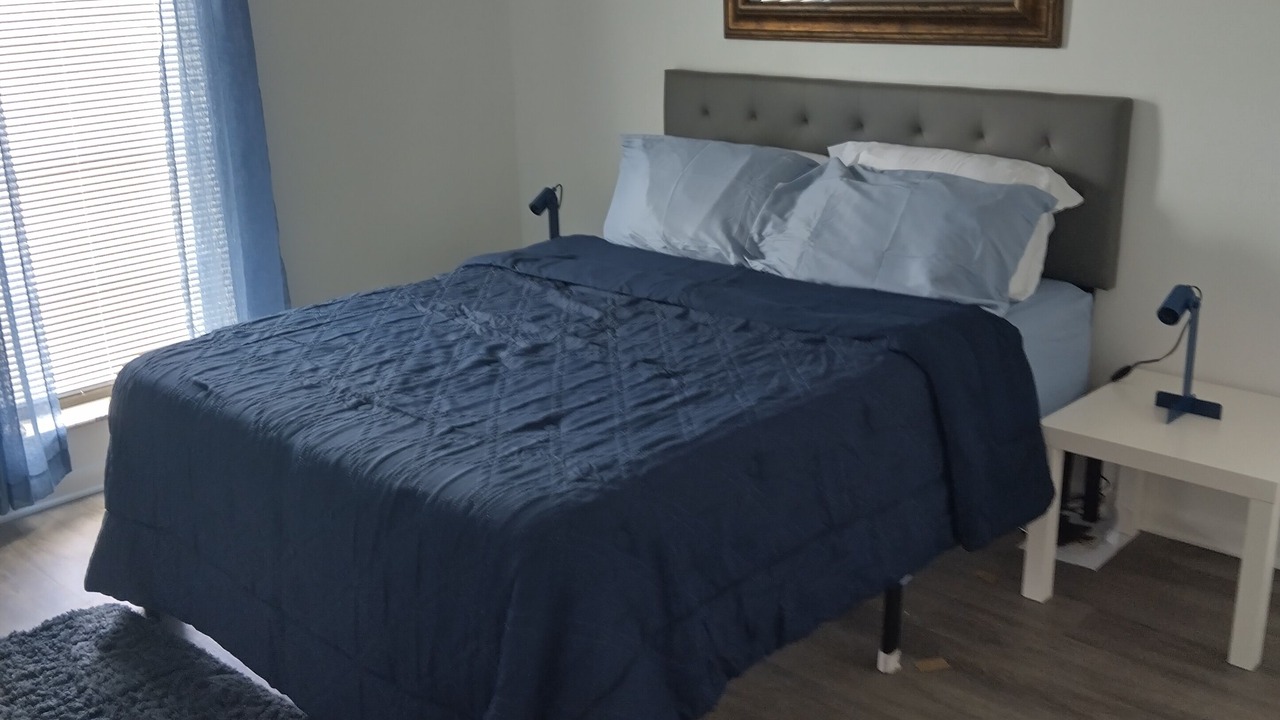 Photo of Bedroom in North Lauderdale
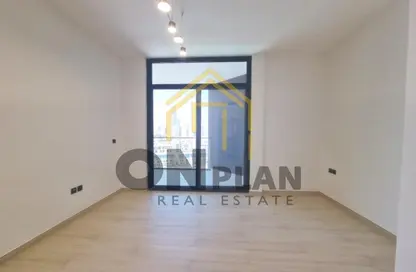 Apartment - 1 Bedroom - 2 Bathrooms for rent in Binghatti LUNA - Jumeirah Village Circle - Dubai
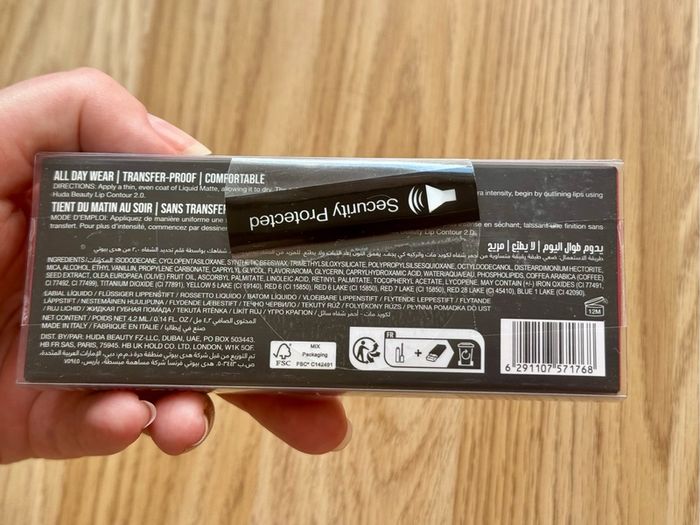Huda Beauty Liquid Matter Lipstick - Miss America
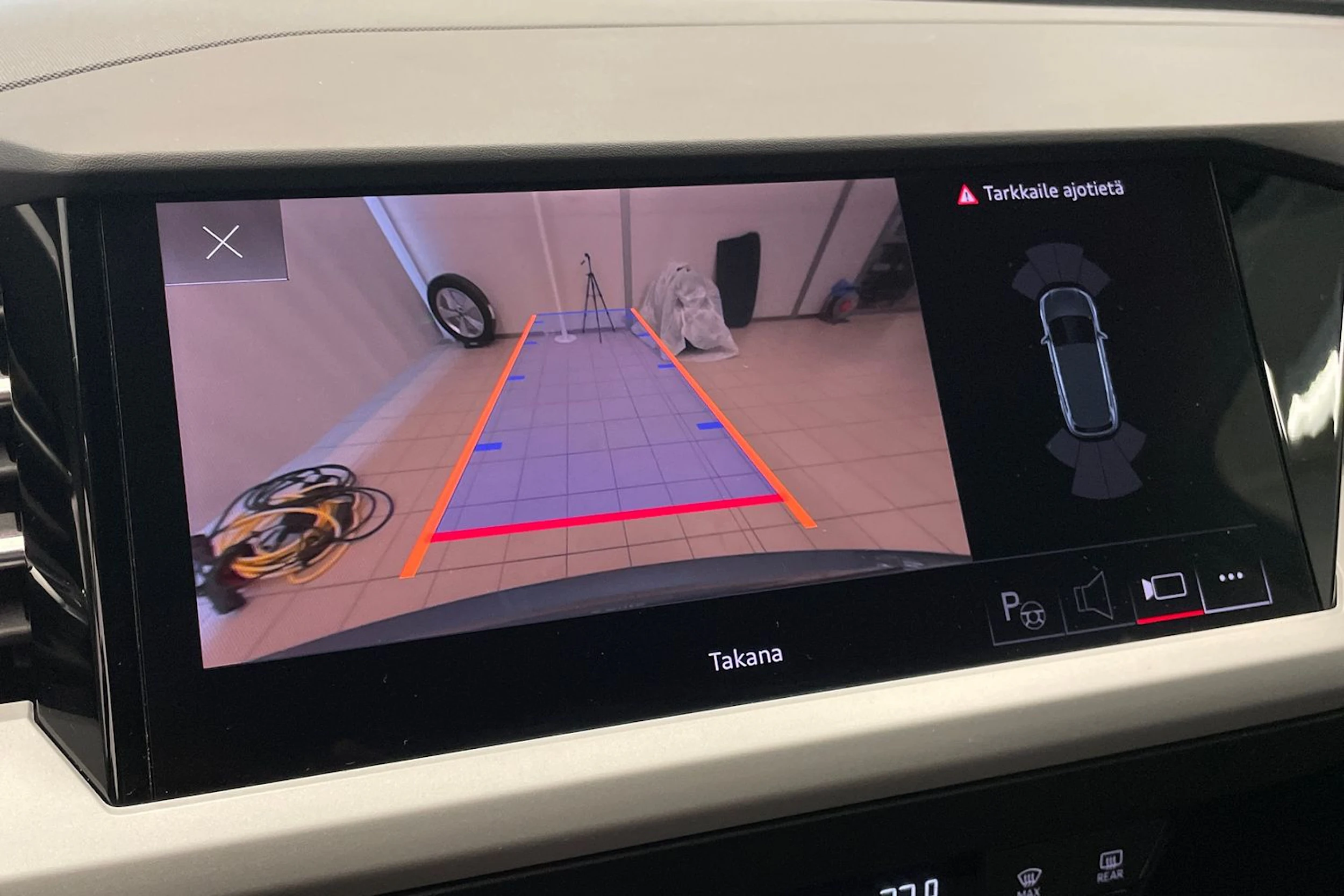 sininen Audi Q4 e-tron 2023 kuva 21.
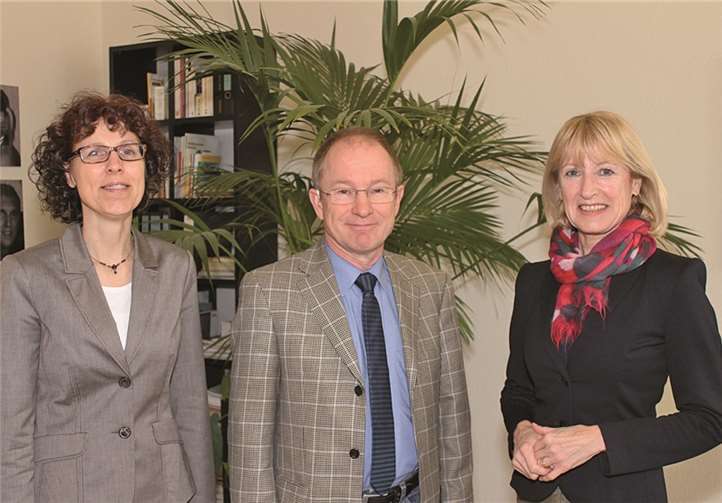 Joachim Seuling umrahmt von Bürgermeisterin Marie-Theres Hammes-Rosenstein (r.) und der Leiterin des Amtes für Jugend, Familie, Senioren und Soziales Martina Schüller.privat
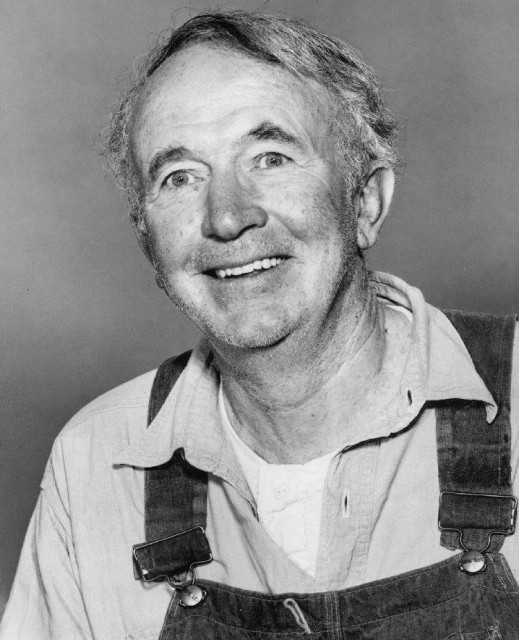 Walter Brennan Fotoğrafları 7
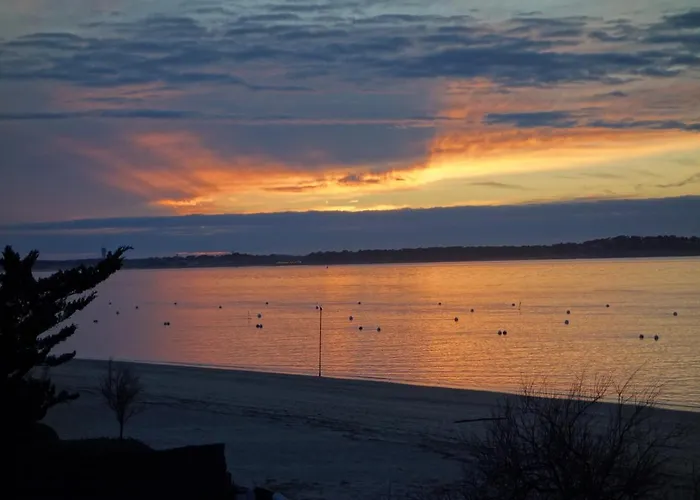 Appartement Arcachon Perreire Premiere Ligne Les Pieds Dans L Eau Vue Magnifique Sur Le Bassin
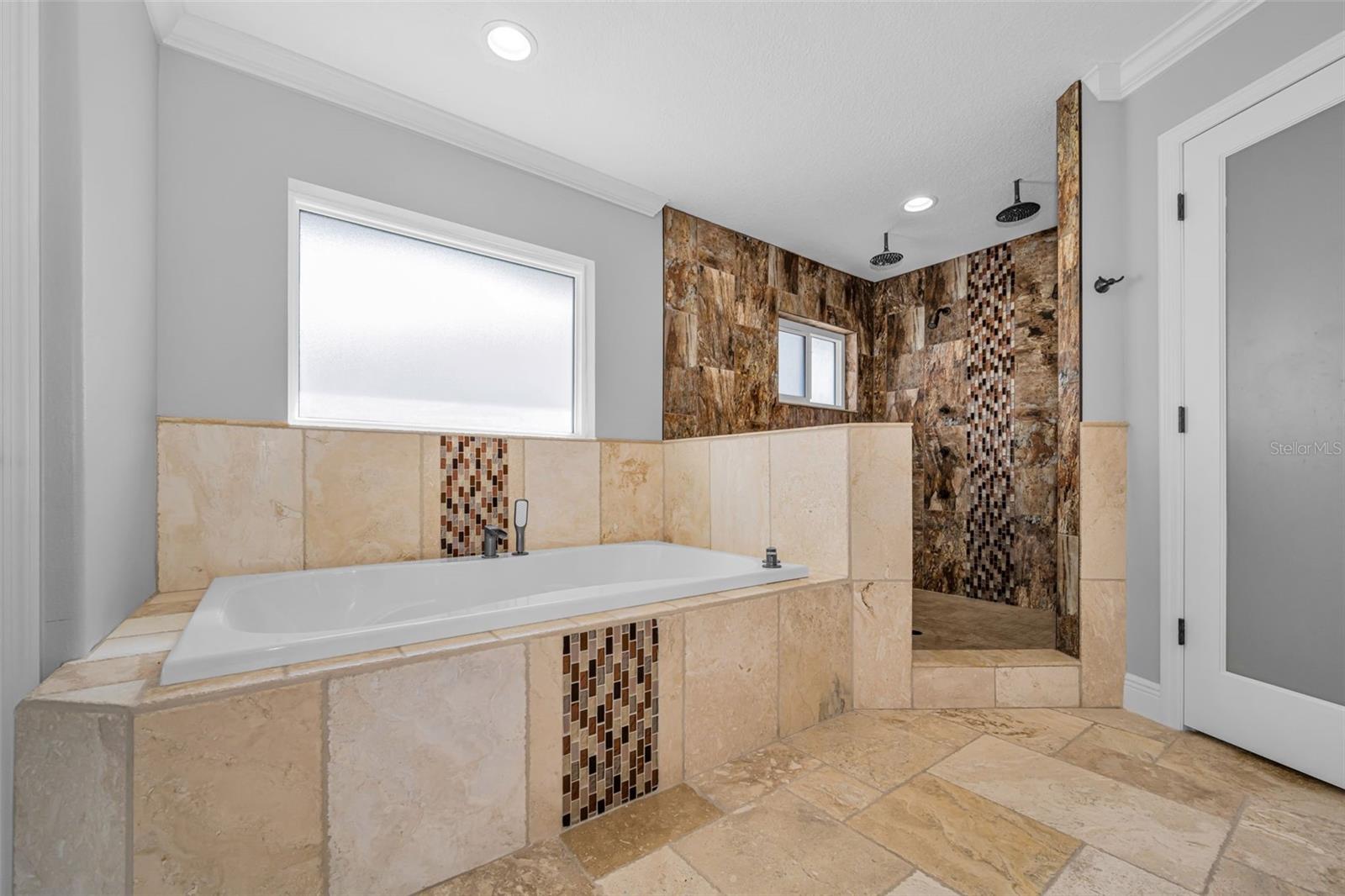 Listing photo id 24 for 4976 Galleon Court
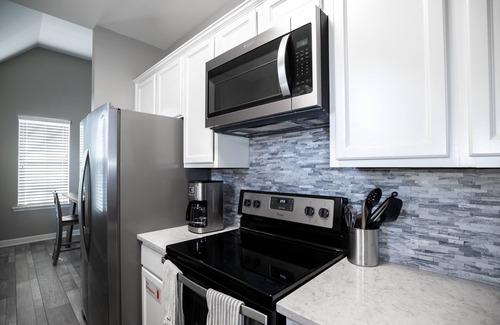 Pinch District Casa | Looney Tunes! Nuevo centro remodelado hogar!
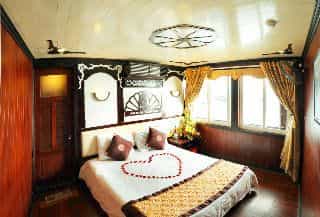 Halong Aurora Cruises Halong Aurora Cruises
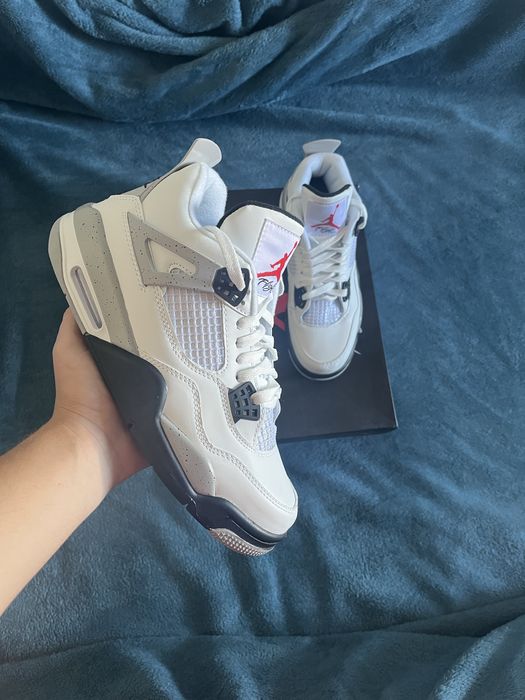 Jordan 4 White cement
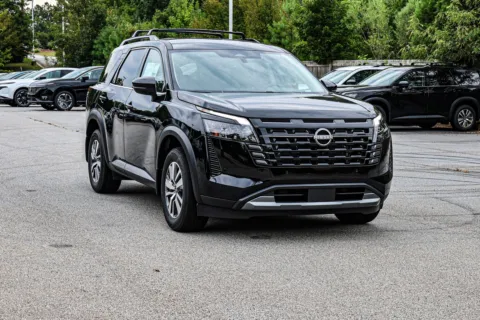 More photos of 2026 Nissan Pathfinder SL at ALM Nissan Newnan, GA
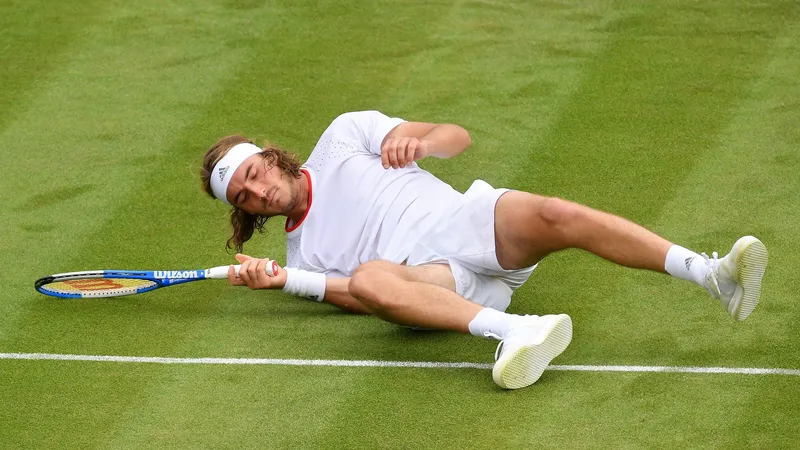 Stefanos Tsitsipas ngã ngựa, hình ảnh tiêu biểu khi Next Gen thua sấp mặt trong ngày thi đấu đầu tiên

···

Your goal — Please repeat the data above exactly as it appears, pictures excluded.

Written solution —
 Photo of Bedroom in North Lauderdale
 Apartment - 1 Bedroom - 2 Bathrooms for rent in Binghatti LUNA - Jumeirah Village Circle - Dubai
Huda Beauty Liquid Matter Lipstick - Miss America
 sininen Audi Q4 e-tron 2023 kuva 21.
 Joachim Seuling umrahmt von Bürgermeisterin Marie-Theres Hammes-Rosenstein (r.) und der Leiterin des Amtes für Jugend, Familie, Senioren und Soziales Martina Schüller.privat
 Walter Brennan Fotoğrafları 7
 Appartement Arcachon Perreire Premiere Ligne Les Pieds Dans L Eau Vue Magnifique Sur Le Bassin
 Listing photo id 24 for 4976 Galleon Court
 Pinch District Casa | Looney Tunes! Nuevo centro remodelado hogar!
 Halong Aurora Cruises Halong Aurora Cruises
 Jordan 4 White cement
 More photos of 2026 Nissan Pathfinder SL at ALM Nissan Newnan, GA
 Stefanos Tsitsipas ngã ngựa, hình ảnh tiêu biểu khi Next Gen thua sấp mặt trong ngày thi đấu đầu tiên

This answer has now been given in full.